Required action: Each line from the one containing "Chanel Caviar Quilted" through the end of the data is to be written out exactly, and nothing more.

Data for the task:
+++

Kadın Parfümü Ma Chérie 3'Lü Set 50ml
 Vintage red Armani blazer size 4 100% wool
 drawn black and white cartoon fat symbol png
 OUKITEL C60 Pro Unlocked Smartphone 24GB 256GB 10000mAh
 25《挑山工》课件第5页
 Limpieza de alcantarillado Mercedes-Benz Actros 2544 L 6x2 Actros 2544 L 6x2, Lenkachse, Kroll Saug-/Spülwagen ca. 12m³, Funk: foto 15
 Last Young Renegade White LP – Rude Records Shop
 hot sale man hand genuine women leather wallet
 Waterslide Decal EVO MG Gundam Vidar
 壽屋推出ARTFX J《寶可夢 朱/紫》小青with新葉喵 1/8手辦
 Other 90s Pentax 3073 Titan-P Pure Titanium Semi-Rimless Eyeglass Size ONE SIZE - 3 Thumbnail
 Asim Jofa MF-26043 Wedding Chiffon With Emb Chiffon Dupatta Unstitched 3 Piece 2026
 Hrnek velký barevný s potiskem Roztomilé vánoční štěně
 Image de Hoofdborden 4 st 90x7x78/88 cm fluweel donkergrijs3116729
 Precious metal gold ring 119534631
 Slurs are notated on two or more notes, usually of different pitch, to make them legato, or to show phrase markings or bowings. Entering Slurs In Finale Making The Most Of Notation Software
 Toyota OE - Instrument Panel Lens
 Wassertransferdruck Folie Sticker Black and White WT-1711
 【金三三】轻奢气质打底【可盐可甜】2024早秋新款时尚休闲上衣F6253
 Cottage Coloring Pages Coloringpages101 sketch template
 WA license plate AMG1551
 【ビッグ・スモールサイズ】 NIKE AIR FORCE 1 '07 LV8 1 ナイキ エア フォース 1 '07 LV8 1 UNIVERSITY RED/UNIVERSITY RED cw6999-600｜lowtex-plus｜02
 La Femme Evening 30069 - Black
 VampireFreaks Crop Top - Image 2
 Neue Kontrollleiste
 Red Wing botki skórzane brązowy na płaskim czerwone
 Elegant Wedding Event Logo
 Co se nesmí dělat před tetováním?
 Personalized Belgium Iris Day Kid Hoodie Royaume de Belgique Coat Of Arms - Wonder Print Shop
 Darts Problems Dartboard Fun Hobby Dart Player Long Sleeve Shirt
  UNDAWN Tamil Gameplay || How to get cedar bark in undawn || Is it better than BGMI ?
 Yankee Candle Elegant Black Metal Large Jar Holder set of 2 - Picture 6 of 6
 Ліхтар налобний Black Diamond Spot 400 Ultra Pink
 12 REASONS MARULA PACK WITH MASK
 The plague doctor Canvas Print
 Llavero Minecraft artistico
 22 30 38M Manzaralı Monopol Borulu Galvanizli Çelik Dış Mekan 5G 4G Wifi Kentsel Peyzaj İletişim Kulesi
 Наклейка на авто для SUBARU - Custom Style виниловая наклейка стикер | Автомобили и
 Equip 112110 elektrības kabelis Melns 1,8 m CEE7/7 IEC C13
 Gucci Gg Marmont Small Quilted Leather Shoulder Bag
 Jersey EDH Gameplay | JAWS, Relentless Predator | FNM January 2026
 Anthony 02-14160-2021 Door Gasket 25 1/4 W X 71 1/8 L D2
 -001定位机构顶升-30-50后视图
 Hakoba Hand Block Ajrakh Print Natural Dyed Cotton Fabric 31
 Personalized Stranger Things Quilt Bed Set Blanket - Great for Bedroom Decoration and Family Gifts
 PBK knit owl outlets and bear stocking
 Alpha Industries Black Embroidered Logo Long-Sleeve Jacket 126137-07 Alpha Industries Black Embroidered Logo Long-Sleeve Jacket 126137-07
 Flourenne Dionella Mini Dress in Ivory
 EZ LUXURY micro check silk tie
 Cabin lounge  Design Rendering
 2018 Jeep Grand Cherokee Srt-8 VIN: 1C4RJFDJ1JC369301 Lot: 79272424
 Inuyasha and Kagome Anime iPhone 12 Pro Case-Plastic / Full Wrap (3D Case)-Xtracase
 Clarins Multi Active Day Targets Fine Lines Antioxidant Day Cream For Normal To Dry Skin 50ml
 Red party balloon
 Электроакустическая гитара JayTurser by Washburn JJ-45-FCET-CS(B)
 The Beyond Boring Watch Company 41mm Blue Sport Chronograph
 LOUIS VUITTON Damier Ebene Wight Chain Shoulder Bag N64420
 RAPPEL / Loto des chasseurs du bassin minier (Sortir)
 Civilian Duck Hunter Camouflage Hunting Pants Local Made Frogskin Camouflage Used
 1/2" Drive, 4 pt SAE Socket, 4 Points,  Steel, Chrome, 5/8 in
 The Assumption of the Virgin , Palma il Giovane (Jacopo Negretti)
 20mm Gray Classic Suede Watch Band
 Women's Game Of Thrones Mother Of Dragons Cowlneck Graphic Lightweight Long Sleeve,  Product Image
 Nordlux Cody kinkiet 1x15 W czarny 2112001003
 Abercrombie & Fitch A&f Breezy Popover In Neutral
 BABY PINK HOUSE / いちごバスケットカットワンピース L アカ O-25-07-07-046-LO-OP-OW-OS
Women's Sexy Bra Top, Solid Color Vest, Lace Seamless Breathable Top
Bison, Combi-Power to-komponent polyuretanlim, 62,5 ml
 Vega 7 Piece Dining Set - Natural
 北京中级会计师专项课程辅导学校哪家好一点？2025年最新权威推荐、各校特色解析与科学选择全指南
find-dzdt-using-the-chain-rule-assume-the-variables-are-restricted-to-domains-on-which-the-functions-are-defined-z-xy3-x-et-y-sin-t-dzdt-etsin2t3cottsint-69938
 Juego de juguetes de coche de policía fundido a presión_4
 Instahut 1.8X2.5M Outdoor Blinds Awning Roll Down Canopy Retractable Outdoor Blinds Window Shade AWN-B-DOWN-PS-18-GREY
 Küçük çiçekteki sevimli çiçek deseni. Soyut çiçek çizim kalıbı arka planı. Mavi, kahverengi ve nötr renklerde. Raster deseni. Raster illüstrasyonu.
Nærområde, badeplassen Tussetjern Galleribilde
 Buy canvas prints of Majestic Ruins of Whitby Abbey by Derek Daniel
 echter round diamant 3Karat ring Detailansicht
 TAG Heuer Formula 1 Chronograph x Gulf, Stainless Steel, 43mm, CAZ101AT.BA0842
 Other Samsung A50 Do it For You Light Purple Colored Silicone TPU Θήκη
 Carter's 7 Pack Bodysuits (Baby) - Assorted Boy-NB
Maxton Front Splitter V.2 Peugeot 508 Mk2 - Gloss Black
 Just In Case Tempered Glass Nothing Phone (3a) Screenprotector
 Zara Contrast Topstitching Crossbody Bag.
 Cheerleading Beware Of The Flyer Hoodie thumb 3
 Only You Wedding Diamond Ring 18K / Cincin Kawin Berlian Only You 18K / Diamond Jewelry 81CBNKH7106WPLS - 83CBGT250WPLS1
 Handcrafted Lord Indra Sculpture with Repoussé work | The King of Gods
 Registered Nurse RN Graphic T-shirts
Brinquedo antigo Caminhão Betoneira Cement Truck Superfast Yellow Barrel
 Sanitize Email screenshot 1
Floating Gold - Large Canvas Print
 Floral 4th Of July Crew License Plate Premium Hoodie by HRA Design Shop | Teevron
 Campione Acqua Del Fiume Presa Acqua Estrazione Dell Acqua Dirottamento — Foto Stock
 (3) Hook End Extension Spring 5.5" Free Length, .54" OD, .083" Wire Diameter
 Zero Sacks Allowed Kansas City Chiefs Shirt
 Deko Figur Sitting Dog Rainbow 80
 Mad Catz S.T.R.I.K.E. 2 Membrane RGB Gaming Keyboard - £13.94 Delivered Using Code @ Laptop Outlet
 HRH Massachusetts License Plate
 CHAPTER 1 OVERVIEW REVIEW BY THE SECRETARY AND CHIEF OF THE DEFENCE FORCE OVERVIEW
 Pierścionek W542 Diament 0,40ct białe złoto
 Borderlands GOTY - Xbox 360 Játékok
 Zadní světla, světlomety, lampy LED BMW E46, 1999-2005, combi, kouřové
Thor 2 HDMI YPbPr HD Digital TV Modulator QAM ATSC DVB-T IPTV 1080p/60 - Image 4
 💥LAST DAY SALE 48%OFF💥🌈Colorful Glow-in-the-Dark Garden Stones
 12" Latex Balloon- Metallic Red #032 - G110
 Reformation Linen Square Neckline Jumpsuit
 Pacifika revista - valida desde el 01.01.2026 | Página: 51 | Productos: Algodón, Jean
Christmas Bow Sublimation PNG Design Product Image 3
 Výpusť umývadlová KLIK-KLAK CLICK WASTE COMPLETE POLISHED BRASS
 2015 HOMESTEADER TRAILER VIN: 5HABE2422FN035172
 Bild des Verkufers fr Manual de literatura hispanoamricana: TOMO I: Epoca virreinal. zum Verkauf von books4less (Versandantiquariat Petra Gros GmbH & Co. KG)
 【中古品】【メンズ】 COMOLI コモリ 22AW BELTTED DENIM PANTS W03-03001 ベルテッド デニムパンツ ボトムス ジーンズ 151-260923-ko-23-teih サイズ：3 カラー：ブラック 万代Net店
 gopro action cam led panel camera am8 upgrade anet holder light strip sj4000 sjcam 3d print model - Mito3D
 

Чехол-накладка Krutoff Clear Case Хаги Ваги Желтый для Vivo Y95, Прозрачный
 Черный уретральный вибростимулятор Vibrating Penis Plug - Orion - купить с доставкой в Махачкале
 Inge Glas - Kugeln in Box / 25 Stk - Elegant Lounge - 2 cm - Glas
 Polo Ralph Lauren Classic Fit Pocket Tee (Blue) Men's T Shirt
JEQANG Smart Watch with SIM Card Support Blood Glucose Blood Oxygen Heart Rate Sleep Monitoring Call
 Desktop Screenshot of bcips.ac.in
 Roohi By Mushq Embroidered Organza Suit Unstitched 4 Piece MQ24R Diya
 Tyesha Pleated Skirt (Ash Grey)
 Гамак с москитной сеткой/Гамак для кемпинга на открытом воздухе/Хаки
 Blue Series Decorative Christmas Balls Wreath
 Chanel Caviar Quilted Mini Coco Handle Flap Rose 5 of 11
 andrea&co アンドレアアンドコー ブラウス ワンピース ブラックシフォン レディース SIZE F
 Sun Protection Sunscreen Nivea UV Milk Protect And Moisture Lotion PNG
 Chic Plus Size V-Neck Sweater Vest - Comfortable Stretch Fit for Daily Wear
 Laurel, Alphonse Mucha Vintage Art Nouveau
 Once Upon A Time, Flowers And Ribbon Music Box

+++

Output of the exercise:
 Chanel Caviar Quilted Mini Coco Handle Flap Rose 5 of 11
 andrea&co アンドレアアンドコー ブラウス ワンピース ブラックシフォン レディース SIZE F
 Sun Protection Sunscreen Nivea UV Milk Protect And Moisture Lotion PNG
 Chic Plus Size V-Neck Sweater Vest - Comfortable Stretch Fit for Daily Wear
 Laurel, Alphonse Mucha Vintage Art Nouveau
 Once Upon A Time, Flowers And Ribbon Music Box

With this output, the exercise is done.